The apparel and textile sector showing signs of improvement despite continuous challenges that have brought a number of textile players to their knees as they continue to remind determined to survive the Nigerian environment.
In the first half of 2013 (H1 2013), capacity utilisation in the sector was 37.4 percent. But by the second half (H2 2013), this had risen to 44.9 percent as per data from the Manufacturers Association of Nigeria (MAN).
Capacity utilisation is one key way of determining the health of a sector or industry because it shows the relationship between actual output produced and potential output that could be produced with installed equipment.
The players are also sourcing more raw materials from home as local input content in H1 2013 was 52.86 percent while that of H2 2013, it increased to 60.79.
Reduction of inventory (stock) is a key factor in business success. Inventory was reduced to N418 million in H1 2013 and to N401 million in H2 2013.
Moreover, the players ignored a innumerable challenges to add 53, 955 workers by the end of 2013. The players further invested a total of N2.714 billion in 2013 in land and building, plants and machines, furniture and equipment, motor vehicle and ongoing construction.
This indicate that the sector will perform better if issues such as business environment, infrastructure and business models are tackled as per analysts.

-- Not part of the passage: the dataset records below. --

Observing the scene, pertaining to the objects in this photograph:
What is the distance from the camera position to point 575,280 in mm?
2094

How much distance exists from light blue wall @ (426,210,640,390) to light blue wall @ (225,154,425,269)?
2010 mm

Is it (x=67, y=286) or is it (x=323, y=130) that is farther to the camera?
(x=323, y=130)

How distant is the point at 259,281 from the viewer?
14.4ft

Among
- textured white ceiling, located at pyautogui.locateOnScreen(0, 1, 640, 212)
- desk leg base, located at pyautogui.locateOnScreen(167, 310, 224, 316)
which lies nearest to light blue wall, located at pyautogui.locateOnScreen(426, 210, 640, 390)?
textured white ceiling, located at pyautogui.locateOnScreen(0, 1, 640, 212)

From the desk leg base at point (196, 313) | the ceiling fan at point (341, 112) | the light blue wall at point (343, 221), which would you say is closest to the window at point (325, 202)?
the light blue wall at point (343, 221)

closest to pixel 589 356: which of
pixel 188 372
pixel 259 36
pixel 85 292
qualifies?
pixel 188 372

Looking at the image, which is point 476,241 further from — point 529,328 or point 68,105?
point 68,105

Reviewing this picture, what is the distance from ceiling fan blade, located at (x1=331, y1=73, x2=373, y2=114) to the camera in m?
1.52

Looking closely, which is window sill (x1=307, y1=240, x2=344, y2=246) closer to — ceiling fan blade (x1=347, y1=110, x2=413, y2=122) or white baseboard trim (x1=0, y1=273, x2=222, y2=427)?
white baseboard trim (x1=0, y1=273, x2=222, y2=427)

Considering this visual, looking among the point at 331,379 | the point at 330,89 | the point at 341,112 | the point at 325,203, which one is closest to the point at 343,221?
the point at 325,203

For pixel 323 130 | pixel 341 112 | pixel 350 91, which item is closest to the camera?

According to Paul Jaiyeola Olarewaju, director-general, Nigeria Textile Manufacturers Association (NTMAN), there were only 10 surviving fabrics makers in the country, as textile and apparel players face compounded problems such as unrestrained imports of cheap products from Asia, irregular power supply, poor access to finance, absence of black oil by Northern players and non-patronage of products by Nigerians and government agencies.
Moreover, government uniformed agencies do not support the industry, as often contracts are given out to people who go abroad and import the uniforms.
It is time that Nigerians realizes and value indigenous products.